Young killers on the loose prove once again that it is society that is the real culprit

By Richard von Busack

WHEN IS THIS CYCLE of serial-killer romances going to end? Natural Born Killers, Kalifornia, The Doom Generation, Frisk and now Butterfly Kiss. The repeated doses can only be likened to watching kids' movies. Kids are impulsive and cute and occasionally say profound things. But after too much time in their company, you begin to long for adult conversation to escape from the endless tantruming. That good old cracker-barrel notion--"Serial killers sick; society is sick"--has been underscored dozens of times on screen, and the idea is now about as transgressive as jaywalking. We've seen how undesirable weaklings are picked for the culling by our young murderers in love. Depend on it: I'm not shocked by such visual rhetoric; I'm bored by it. These movies state that only the young and the beautiful should survive. Nobody who isn't edgy like they are could possibly experience what it's like to frolic laughing through the waves and to playfully throw sand at each other, as our heroines do in Butterfly Kiss. You could bear the antisocial attitude if you could stand the essential schmaltz. The movie is worse than crypto-fascist posing--it's kitsch, it's Disney for the Goths.
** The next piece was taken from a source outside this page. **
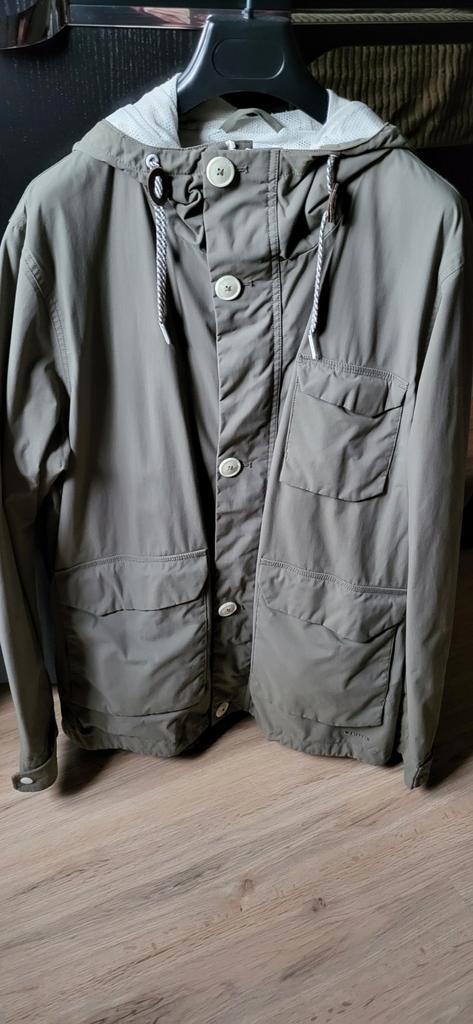 Heren zomer/regen jas met kap., Kleding | Heren, Jassen | Zomer, Zo goed als nieuw, Maat 52/54 (L), Ophalen of Verzenden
We're in North England this time. Amanda Plummer plays Eunice ("Eu" = "You"--get it?), a grubby little transient thrill killer who picks up Miriam (Saskia Reeves) at the gas station where she works. Miriam is lured by the wacky way Eunice hoses herself down with gasoline from the pump. Under her clothes, Eu is decked out in chains, hooks and piercings--a kid's homemade Pinhead costume straight from Hellraiser. Eunice knows her Old Testament and is searching for a mysterious "Judith" (Holofernes' Biblical decapitator); the two of them motor around in a stolen car that has 666 on the license plates. I don't know about you, but when I see those three digits together on screen, I kneel on that sticky theater floor and I pray to my Jesus. We know where this deadly journey is headed, because the director thoughtfully provides us with black-and-white interview footage of Miriam in custody. Thus even such rudimentary suspense as might be built by their fate is unhinged.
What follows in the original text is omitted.